Photo by Suriya Donavanik

Photo by Suriya Donavanik

At first they sounded to me like the names of medieval cricket teams, but it turns out that mendicants and anchorites were actually two different types of ancient monastics.  Mendicants were nomadic monks who never acquired property.  They travelled around and lived by begging from strangers.  Anchorites also took a vow of poverty, but they would settle in one place and live  in solitude.  An Anchoress was a female anchorite who would live secluded in a dwelling literally “anchored” to the local church where she dispensed wisdom and prayers through a small window in her room.  It is said that Julian of Norwich was an Anchoress.

Maybe churches today need these two types of people: the mendicants, who are more nomadic and view the ministry as something fluid that can follow the Spirit anywhere; and the anchorites,  who are firmly rooted in a location and tradition, who “bloom where they are planted”.

In interviews with people who experienced profound change in their churches, I have met both kinds of Christians.  The more nomadic members are able to experiment with major “adaptive change” and take risks with more ease.  They have experience with transitions like divorce, re-settlement,  or immigrating from another country.  It’s easier for them to imagine, say, a new Sunday School format, a new style of worship or worshiping in a different location.

But the anchor people are important too.  Sometimes we call them “pillars”.  We need spiritual anchors who remember and are committed to the church’s  mission, history and traditions.  They help us stay connected to our core values and purpose.

I was in a church full of nomads once, and when things fell apart, no one seemed to know where we kept the glue.  Nobody remembered why we had first been called together by God, and since our roots weren’t very deep, we were finally uprooted and cast to the four winds.

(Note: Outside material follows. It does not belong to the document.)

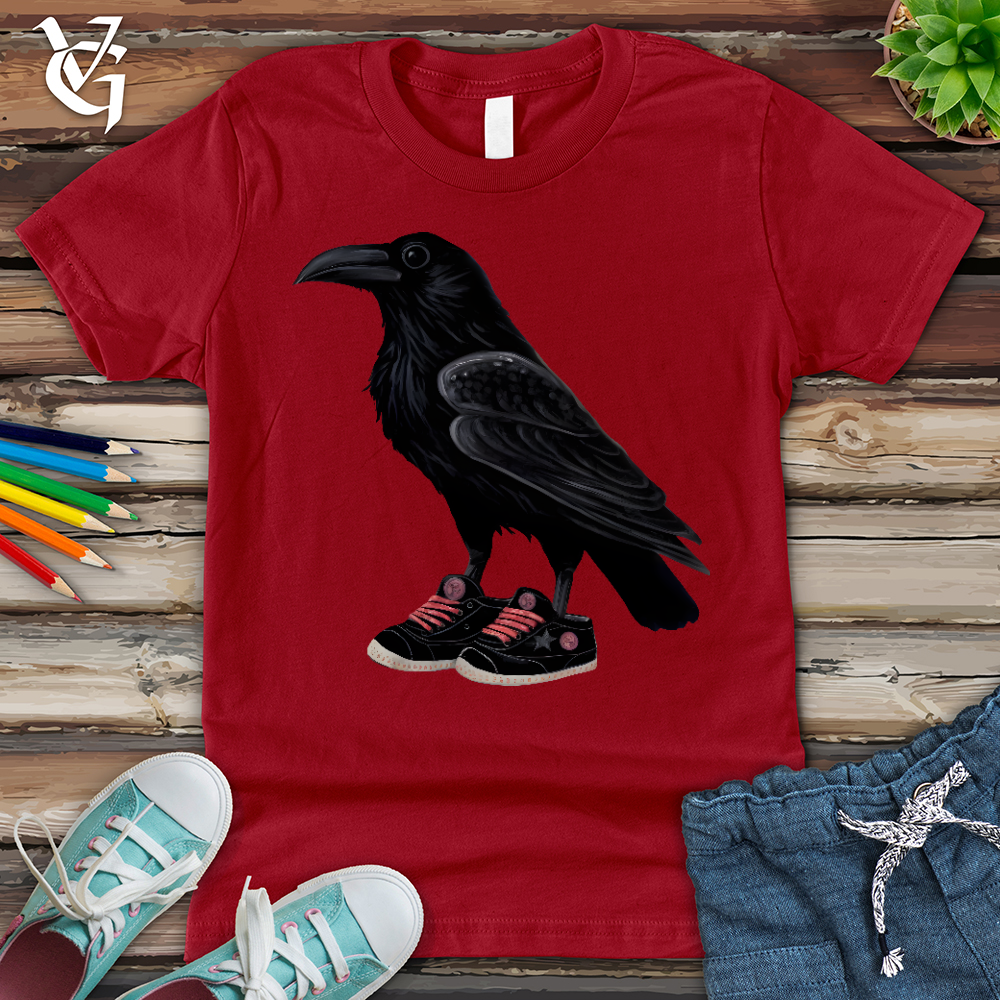 Viking Goods Raven Wearing Sneakers Youth Tee Red / L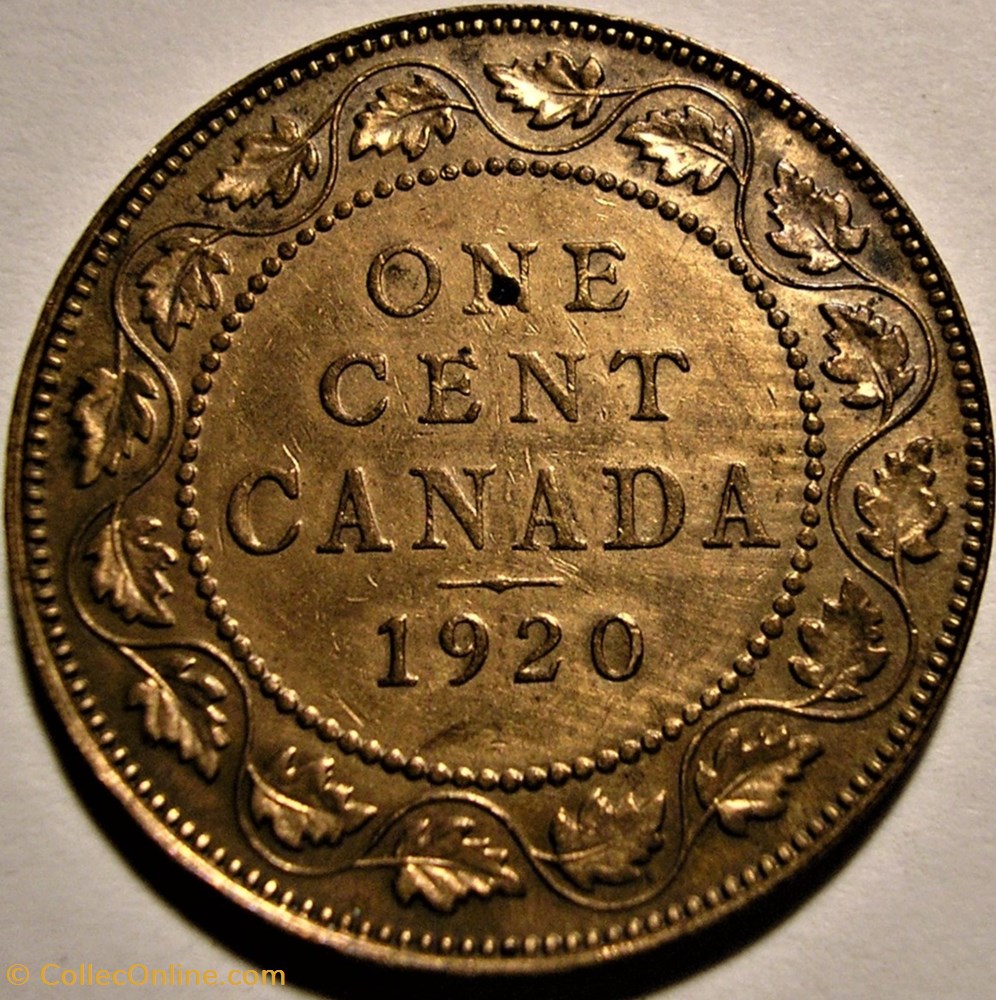 George V - 1 Cent 1920 monnaie monde canadum george v 1 cent 1920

Another time, I served a church full of anchors.  They had a firm hold on their own traditions, family ties and history.  That’s a wonderful thing to a point; but when major change is required, anchors are not easily hoisted out of their ruts!

Churches need the frontier spirit of mendicants who know how to wander in the wilderness.  But we also need our anchorites, those who have a grasp of the deep traditions that unite us.  With the world around us changing so fast, we need to cling to those things that ground and connect us with God.

Are you a mendicant or an anchorite?  How are your gifts helping your church follow Christ more faithfully?  How are you holding things back?

Thanks to my colleague Eric for the lesson on monastics!

One response to “Mendicants and Anchorites

  1. Very helpful and insightful, as usual. Thanks Gail!